Information supplied:
_ _ _ _

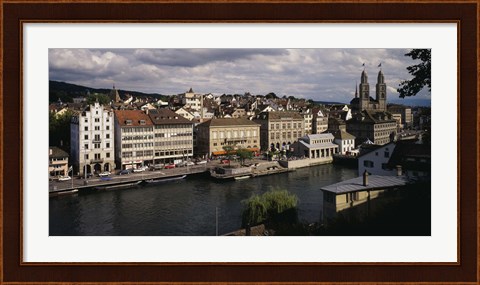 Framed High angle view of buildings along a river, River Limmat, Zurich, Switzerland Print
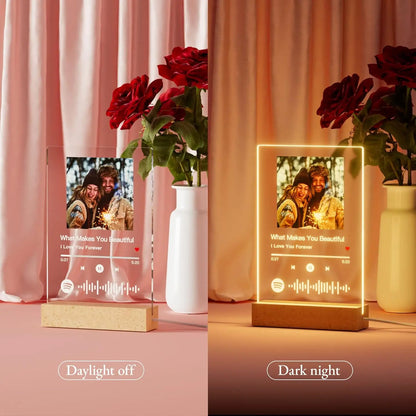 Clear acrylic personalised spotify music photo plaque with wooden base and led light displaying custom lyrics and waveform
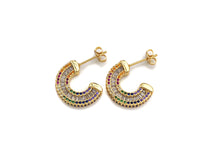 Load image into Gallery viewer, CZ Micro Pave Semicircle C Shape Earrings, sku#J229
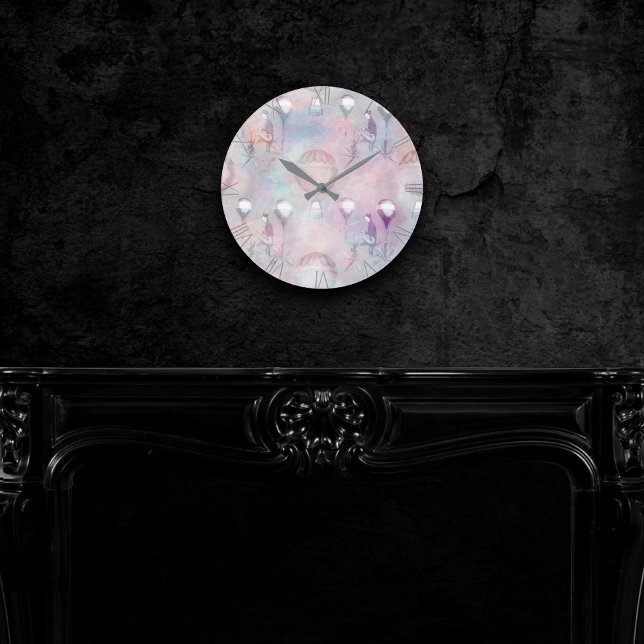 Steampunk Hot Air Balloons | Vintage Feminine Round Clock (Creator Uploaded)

_ _ _ _

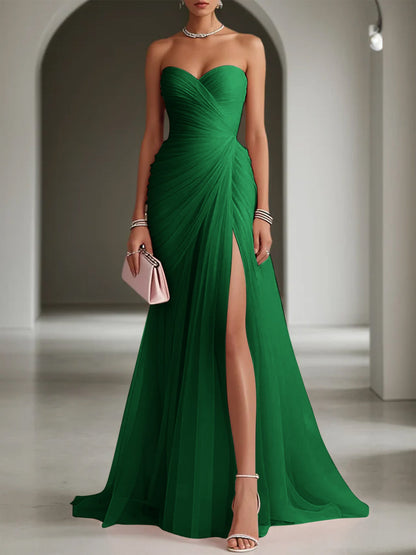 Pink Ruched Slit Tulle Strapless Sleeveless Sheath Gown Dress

_ _ _ _

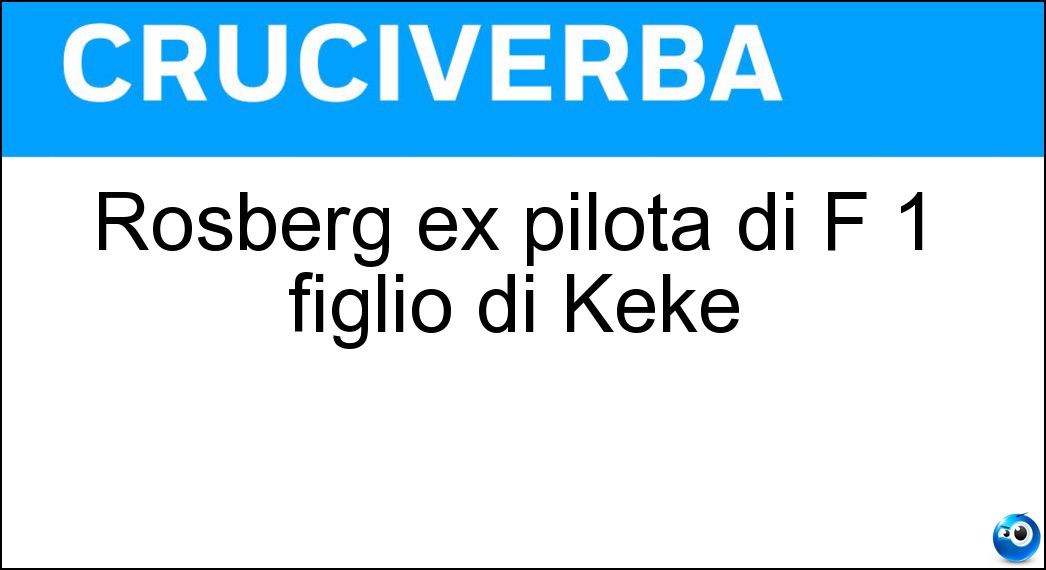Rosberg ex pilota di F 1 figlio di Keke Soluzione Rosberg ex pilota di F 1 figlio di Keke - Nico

_ _ _ _

"Framed High angle" marks the first line to copy, and "Steampunk Hot Air" marks the last. Repeat that stretch above exactly, with no pictures.

Answer to the exercise:
 Framed High angle view of buildings along a river, River Limmat, Zurich, Switzerland Print
 Clear acrylic personalised spotify music photo plaque with wooden base and led light displaying custom lyrics and waveform
 Load image into Gallery viewer, CZ Micro Pave Semicircle C Shape Earrings, sku#J229
 Steampunk Hot Air Balloons | Vintage Feminine Round Clock (Creator Uploaded)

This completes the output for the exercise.